Interaction With a Seller
It’s not long until a conversation sparks into action. You’re not the one who ignites it; rather, a clothing shop owner does. He looks at you, holding eye contact for a brief moment, and then says, “Hey. You need a jacket? Want to buy one? On sale today.”
How lucky I am to arrive on a day with a sale? You think to yourself. You gaze at the owner—he’s wearing a Prada jacket with his hands tucked inside his jeans—then your eyes wander to his shop. Jackets, sweaters, and shirts are waiting inside his shop for a new owner. You take a closer look at the brand names, they’re all expensive: Prada, Versace, Gucci, Moncler, and more. You take a closer look at the Moncler jacket, moving closer to his shop.
“You like that jacket?” He says, then turns to look at it. You turn to him for a moment, then he turns back. “For you, only eighty euros.”
You can’t help but laugh. Has Turkey suddenly changed its currency from Lira to Euro? You shake your head, your eyes at the jacket and your laugh downgrades into a smile. “Just looking around for today, thank you.”
You leave the man standing, and continue on your exploration of the Grand Bazaar. Your laughter wasn’t due to him asking for Euros instead of Turkey’s currency or the fact that you spoke with him in good English—making it clear that you come from United States or an English-speaking country—but the fact that the jackets and sweaters were fake.
Grand Bazaar’s Alleys
From there, you notice that the Grand Bazaar has alleys. You reach the first alley—a four-way intersection. You turn your head left and right to see the stores on either side, but you come to realize that you’re better off continuing on the same route you entered from, at least until you reach deeper into the Grand Bazaar.
The Grand Bazaar is design as such: many routes come together, crossing one another. Over a hundred shops, each showcasing their products. As it’s the morning, you also find some shop owners mopping front of their shop, as you noticed once you entered. Other shop owners gathering around a table, drinking tea and having borek or other breakfast meal, talking amongst themselves.
You continue walking, sometimes moving into another alley. You distance yourself from shops, and tend to view them with your eyes from afar. One shop attracts you, and forces you to grab a closer look. The shop sells Turkish delights, tea and other sweets. They’re all displayed in glass boxes with lights shining down below at them—without giving the sweets a choice other than being the center of attention. You raised your eyes, they dig deeper into the shop, gazing at the more colorful Turkish delights. The owner is arranging them by color. He looks at you for moment, smiles, but remains silent, returning to the Turkish delights in front.

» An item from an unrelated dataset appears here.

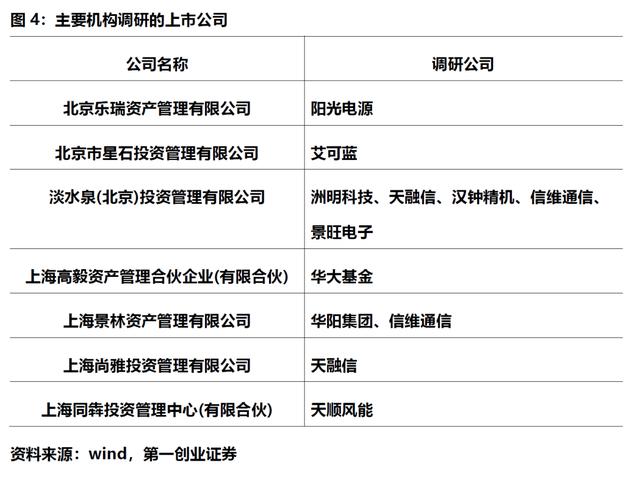 上市板块定位培训(各个上市板块的条件)孝感市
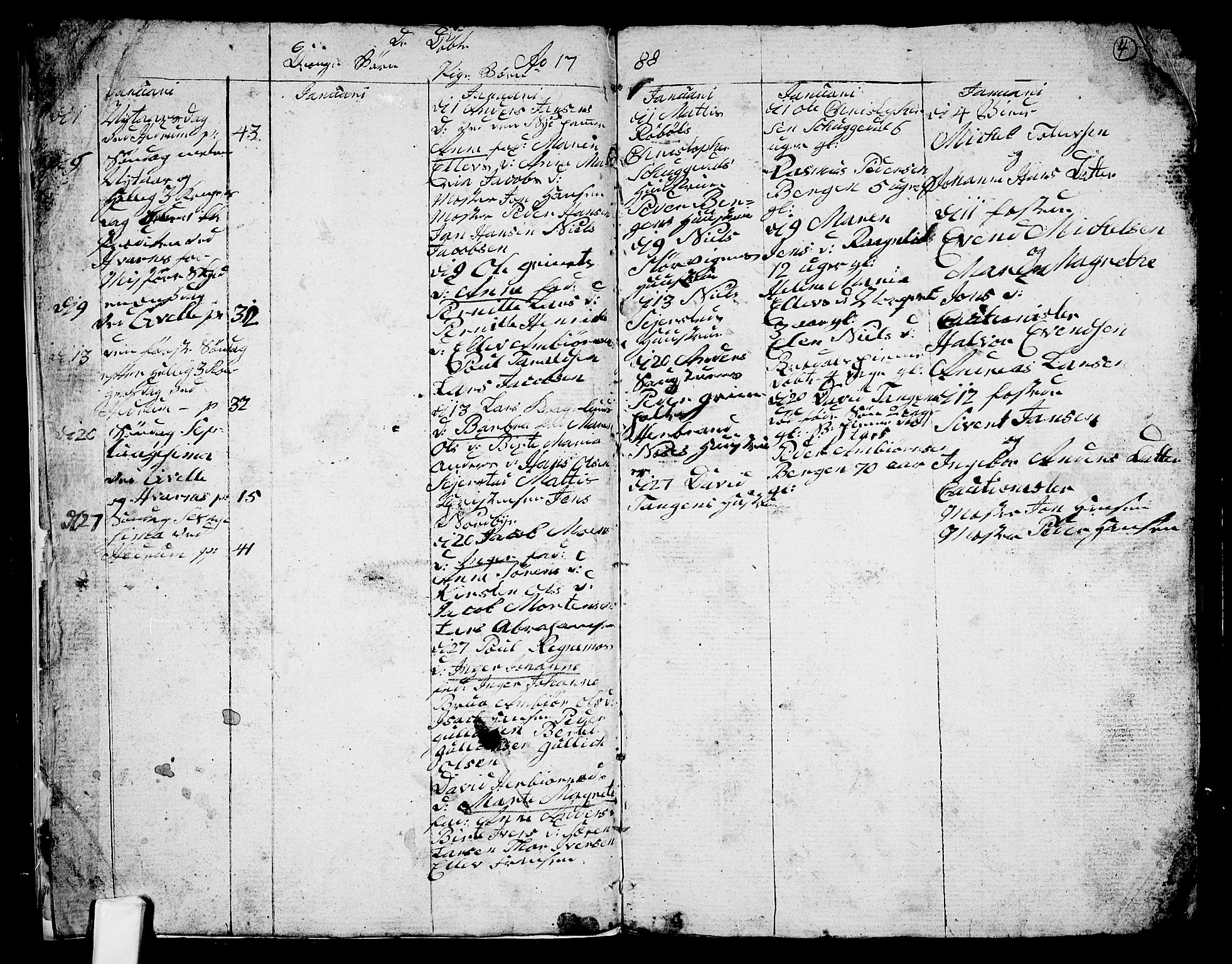 Hedrum kirkebøker, SAKO/A-344/G/Ga/L0001: Parish register (copy) no. I 1, 1787-1802, p. 4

You leave the shop, and continue walking, leaving the heart of the Grand Bazaar. There are many shops with different items: clothing, jewelry, tea, sweets, rugs, perfume, souvenirs and much more, but you quickly gaze over them. In one side, there’s the old Grand Bazaar which you enter it for a moment but quickly leave as it’s not an immersive experience.
And the Grand Bazaar is like this, a maze that can get any first time visitor lost. With many shops seemingly identical, it does not help with the cause. The moment you enter this maze-like bazaar, expect to smell cigarettes, perfume, and some sweets such as Turkish Delights. Allocate an hour if you’re looking to explore the alleys and the old Grand Bazaar—where it’s less busy with shops of jewelry. Be cautious in purchasing items, make sure the cost equals the quality.